**Exercise description:** Please retype exactly the lines from the one containing "純正０６３２４０５防塵フィルタＦＭＶ－ＦＡ－６ー２" through the end of the records, leaving out the pictures.

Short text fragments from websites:
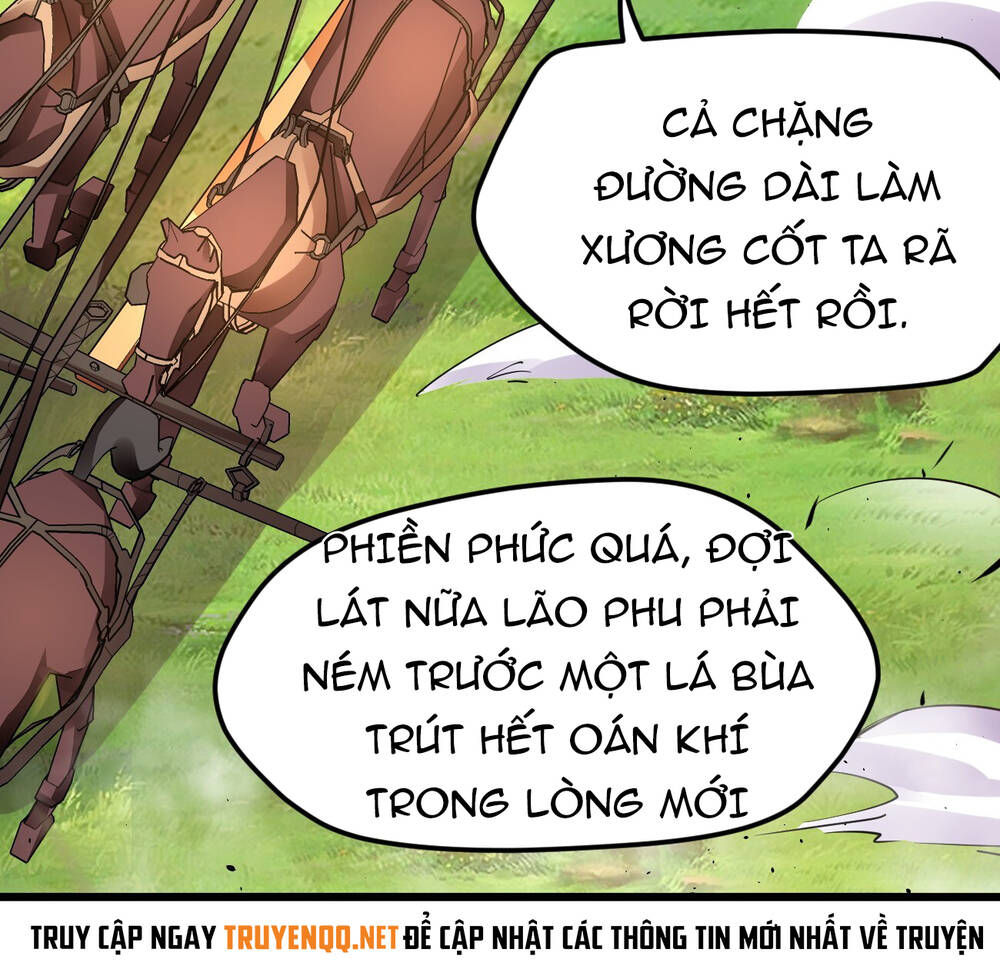 Sức Mạnh Kiếm Thần chapter 11 - Trang 95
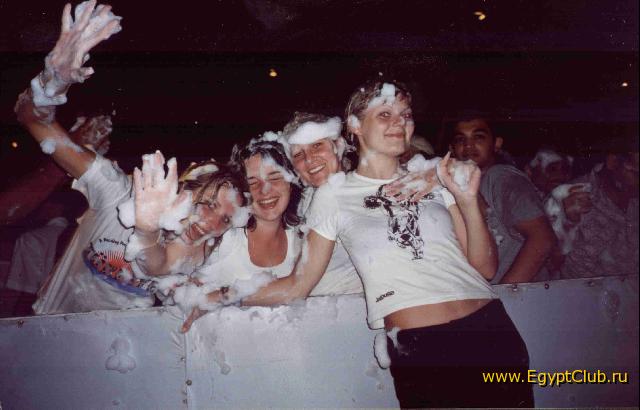 ������ ��������� (����� ��� ����)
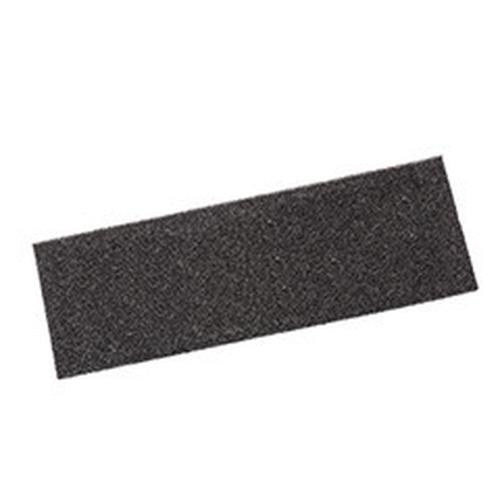 純正０６３２４０５防塵フィルタＦＭＶ－ＦＡ－６ー２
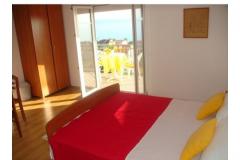 Appartamenti Cosic Appartamento 1 – APARTMAN A foto 1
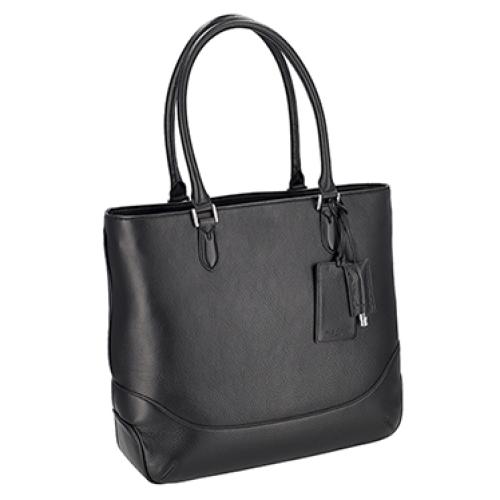 ＜PELLE MORBIDA＞PMO-MB079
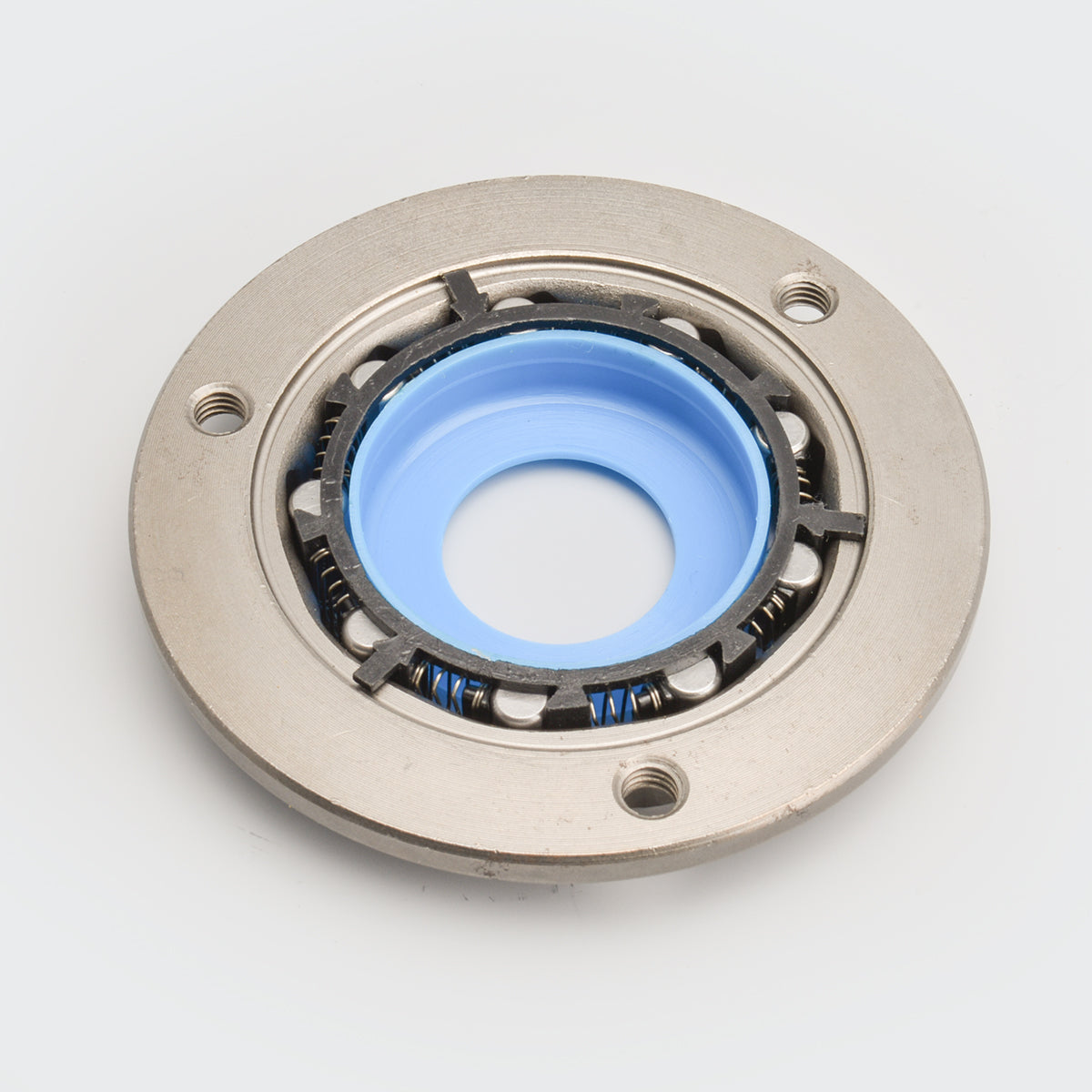 Oneway Clutch RTR/Flame/Star City for TVS — motorcycle spare part Kenya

**Task response:**
 純正０６３２４０５防塵フィルタＦＭＶ－ＦＡ－６ー２
 Appartamenti Cosic Appartamento 1 – APARTMAN A foto 1
 ＜PELLE MORBIDA＞PMO-MB079
 Oneway Clutch RTR/Flame/Star City for TVS — motorcycle spare part Kenya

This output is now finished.